The narrator—Game of Thrones actor Peter Dinklage—continued
by saying, “The empire that ascended to affirm a colossal footprint; the
revolution that birthed one of modern history's pivotal experiments. But if
politics has long shaped our sense of who they are, it's passion that
endures...”
What’s so “pivotal” about centrally-planned government,
food rationing, prison labor camps, a secret police, and millions of deaths?
Much to the chagrin of NBC, the Bolshevik coup d’état and Joseph Stalin’s reign
of terror comprised the so-called “pivotal experiment” in Russia.

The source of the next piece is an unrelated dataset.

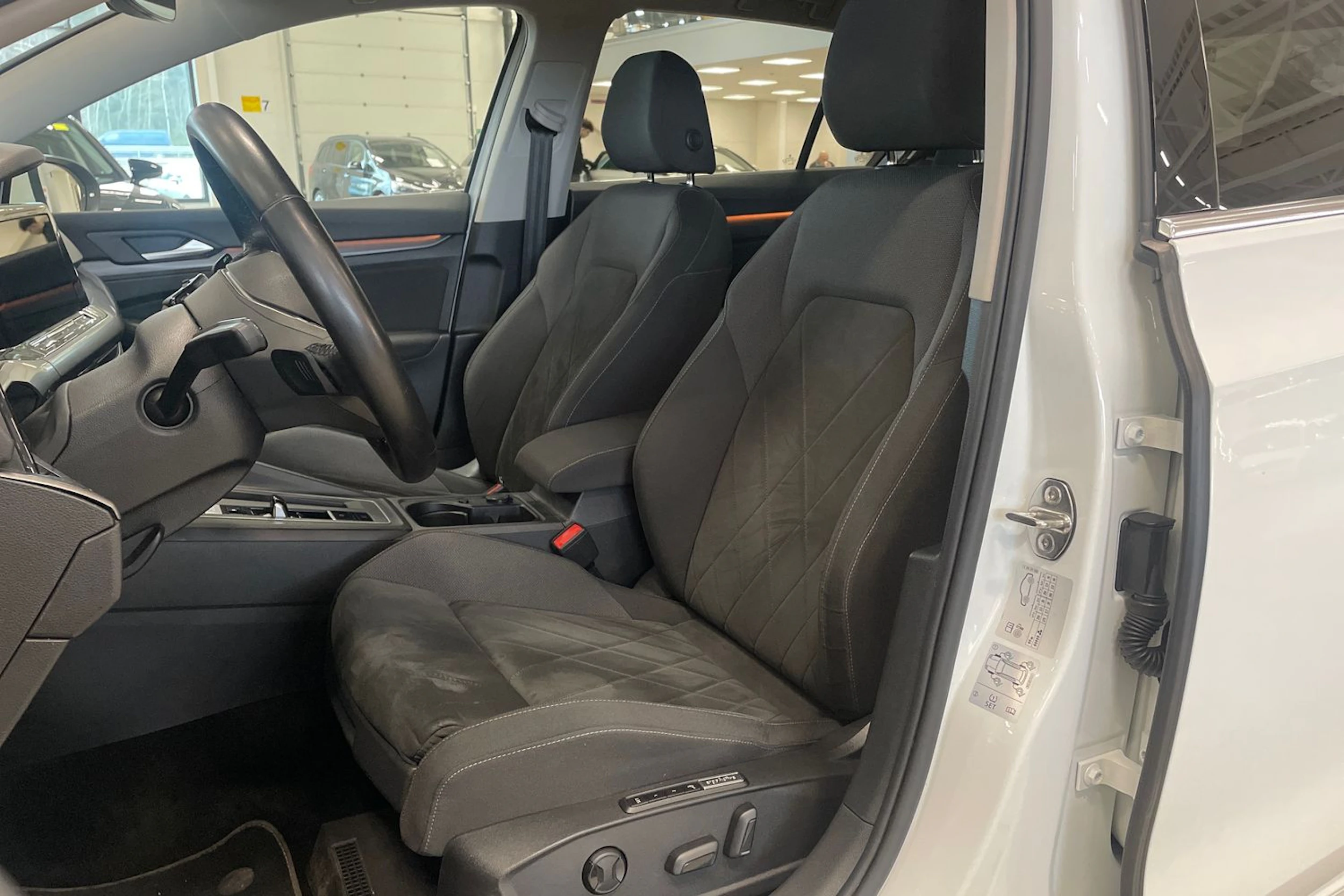 valkoinen Volkswagen Golf 2020 kuva 11.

Unsurprisingly, NBC has praised Soviet communism in the
past.
A November 2009 Media Research Center report “Better off
Red?” details this confounding finding:
Lauer suggested that, for many Russians, the decades spent under communism were the good old days: “We’re gonna be talking about the New Russia, how a few people are doing very well and the fear that others are being left very far behind,” he teased on the February 12, 2004 morning news program. He later declared: “Russia’s rush to capitalism left the vast majority scrambling to survive. For many, life is worse than it was in Soviet times.”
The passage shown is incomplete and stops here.